DEV Community: Ahmad Ganjtabesh

The Primary Responsibility of a Software Engineer: Delaying Decisions

Ahmad Ganjtabesh — Thu, 10 Oct 2024 09:19:10 +0000

At the heart of software engineering, our most visible task is building the features that businesses rely on. We work closely with stakeholders to develop the functionality that drives the business forward, whether it’s handling payments, managing customer data, or delivering personalized experiences to users. Delivering these features is critical, but it’s not the most important part of the job.

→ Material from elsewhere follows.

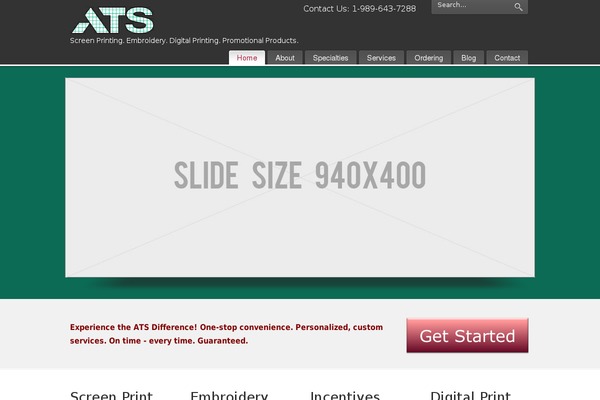 PureVISION theme site design template sample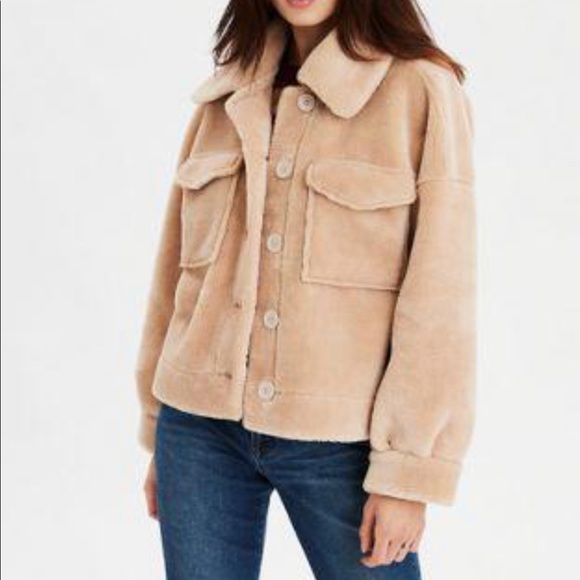 American Eagle Bonded Trucker Jacket - Picture 1 of 3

I believe that the primary responsibility of a software engineer is to design systems that give the team flexibility to delay certain key decisions until later, when there's more information available. Delaying decisions may sound counterintuitive, but it's a strategy that can significantly reduce risk, increase adaptability, and ultimately lead to more robust systems.

Software development is full of uncertainties: business needs evolve, user behavior changes, data volume grows, and new technologies emerge. If we make key decisions too early - such as selecting a database, cloud provider, or framework - we may lock ourselves into choices that limit flexibility in the future. What might work well for a small project or MVP (Minimum Viable Product) could break down as the system scales or as business requirements change.

The Importance of Delaying Decisions

Making decisions with incomplete information can lead to technical debt. When we choose technology or architecture early on, it's often based on assumptions about how the system will behave in the future. But reality rarely matches those assumptions. By postponing decisions, we reduce the risk of locking ourselves into choices that don't hold up as the project evolves.

Take, for example, the decision of choosing a database. At the start of a project, you might not have a clear picture of the types of queries you'll need, the volume of data you'll store, or the complexity of relationships in the data. Committing to a specific database early could cause issues if the project later requires more complex querying, higher scalability, or better indexing. By delaying this decision - perhaps starting with an abstracted data access layer - you give yourself the flexibility to switch to a different database later without reworking large parts of the codebase.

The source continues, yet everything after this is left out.